The name of temple No. 62 of the Shikoku 88 temple pilgrimage means the Temple of Wealth and Happiness. This is ironic because the temple in question, Hoju-ji is a poor, sad little temple in a decaying part of Saijo. It stands sandwiched between the JR railway line and busy Route 11, with barely room to breath. Trucks rumble by on the road in front of the temple, and express trains rattle past behind it. I visited Hoju-ji on a Saturday in April, which is a peak time for pilgrims in buses. There was a large crowd of elderly folk in white chanting sutras to the sound of a hand bell. The chimes of a nearby level crossing announced another approaching train, and by some Buddhist miracle, they were in perfect time with the tempo of the sutra.
The Main Hall or Hondo of the temple has a pretty and elegant tiled roof, but the building has an abandoned look about it, and weeds are sprouting from between the tiles.
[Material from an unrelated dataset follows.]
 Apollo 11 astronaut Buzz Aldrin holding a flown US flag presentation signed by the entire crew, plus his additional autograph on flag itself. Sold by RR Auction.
This is not generally regarded as a sign of prosperity, picturesque though it may be at the beginning. The other buildings are in better nick. They have well-maintained copper roofs. Every temple on Shikoku’s pilgrimage route has a building called the Daishi-do to venerate Kobo Daishi, the founder of the pilgrimage. This building at least presents quite a fine sight with its gable decorations.
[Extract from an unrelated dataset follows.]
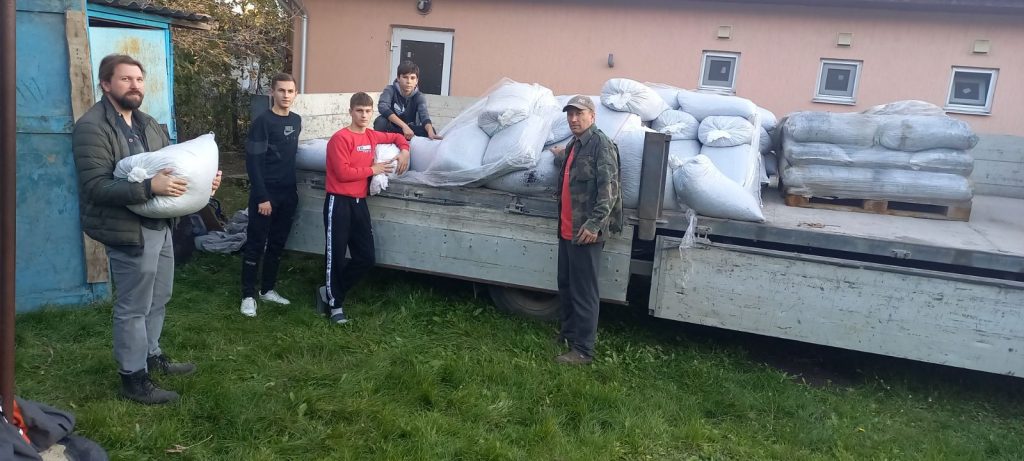 Victor and volunteers unloading coal from the delivery truck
The nokyosho is a building where pilgrims pay a fee to receive a stamp showing that they visited the temple. It’s usually marked by an image of a novice priest with a blue head. The nokyosho at Hoju-ji has a wisteria arbor over it. This is very pretty when the flowers bloom, although the buzzing of the bumblebees might alarm the faint of heart.
Given the half-dilapidated state of Hoju-ji and its unfortunate location, I would recommend that you give it the miss, unless you’ve committed yourself to visiting all of the 88.
Hoju-ji is one of five pilgrimage temples located relatively close together in Saijo. The others are Yokomine-ji No. 60, Koon-ji No. 61, , Kichijo-ji No. 63, and Maegami-ji No. 64. If you visit on a weekend, you’ll encounter large parties of pilgrims arriving by bus.